Thomas Pleece completed the course and, on completion, was highly recommended to Sr Astrid, who appointed him with sole responsibility for 16 teenage boys. He was House Parent for Summerhill, one of the group homes in St Joseph’s. According to Sr Úna O’Neill, who gave evidence to the Committee as Superior General of the Congregation: He was the House Parent for Summerhill so he would effectively have been in charge of the house. The manager would have visited as she did fairly regularly all of the houses each day and every evening. She and all concerned thought it was a great achievement to have a man in charge of the boys. In his professional child care capacity it was assumed that he would act as a father figure and role model for them.

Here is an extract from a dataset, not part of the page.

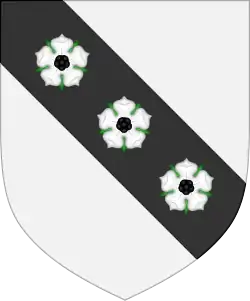 Riedenburg-Kallmüntz: Argent, on a bend sable three roses argent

At the end of the year, he was offered a job in St Joseph’s and took up the position in September 1972. He explained: I was approached by Sr Astrid and asked if I would be interested in taking over the group of boys in St Joseph’s, that they were going to put all the boys together and once the holidays came in June, that they would be splitting that mixed group up and changing that unit to a boys’ unit and I could take it over as the team leader there, if you like. Mr Pleece said that, although he would have had regular contact with social workers, volunteers and two other Sisters in the Community who worked in the unit, it was Sr Astrid who was most in contact with him: I suppose Sr Astrid was the one that would have had her finger on anything that was going on in the unit. You must remember that Sr Astrid was a mother figure to all of the children in St Joseph’s. The boys, I mean, idolised her. When she came over, like, it was an event every time because they all wanted to speak to her and give her a hug and whatever, you know. She was wonderful with the children.

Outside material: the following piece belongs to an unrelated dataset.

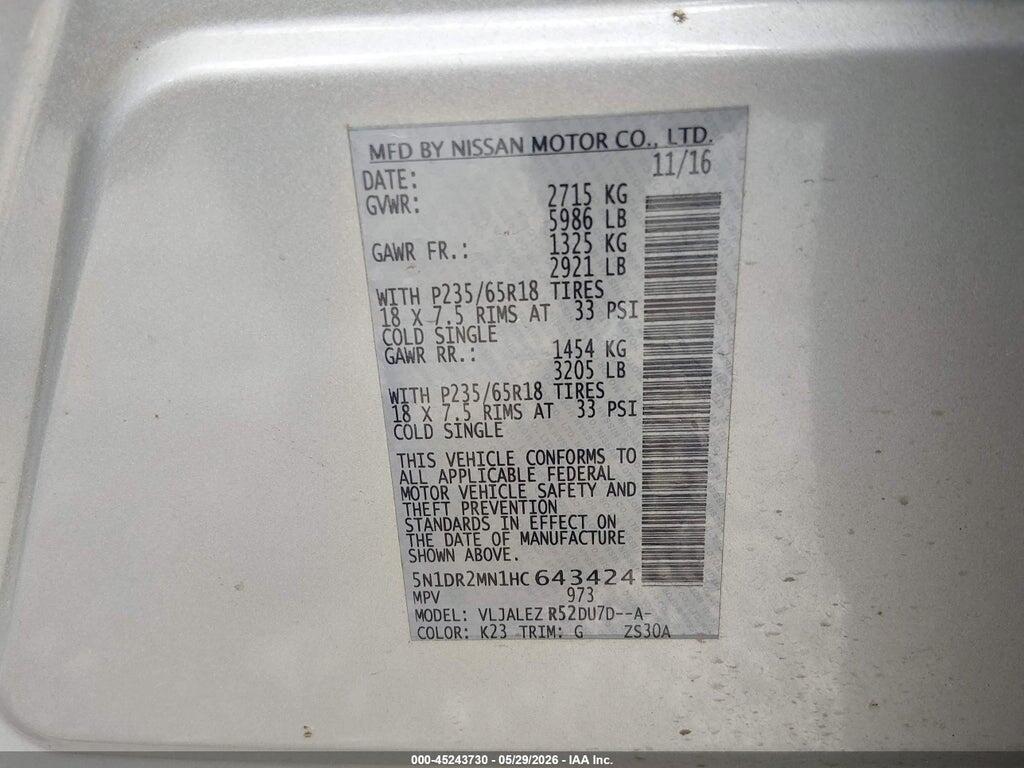 5N1DR2MN1HC643424 2017 NISSAN PATHFINDER photo no. 9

Thomas Pleece left St Joseph’s between September 1973 and April 1974 and went to work in Drogheda, where he was offered a job which paid slightly better than St Joseph’s. He paid one visit to Kilkenny during the time he worked in Drogheda, and became aware that the children were not happy with his replacement. Sr Astrid met him and they discussed the possibility of his coming back. He agreed, provided she could match his salary in Drogheda. He returned to Kilkenny in April 1974 and remained there until 1976.
She recalled that Thomas Pleece attended the first childcare course in Kilkenny and was the first layman to do the course. She interviewed him with all the other applicants. He satisfactorily completed the course and she was sure she would have recommended him to the Sister in charge in St Joseph’s, although she did not remember specifically doing so. She recalled he was a good student and had impressed on the course. Once Thomas Pleece started to work in St Joseph’s, she had no contact with him. She may have met him once or twice in the grounds but had no real contact. In her Garda statement, she recalled he had an Alsatian dog which she was terrified of. She did not remember discussing his progress in St Joseph’s. Sr Astrid did not tell her about his dismissal or the circumstances surrounding it. She did not know why he left and never enquired about it.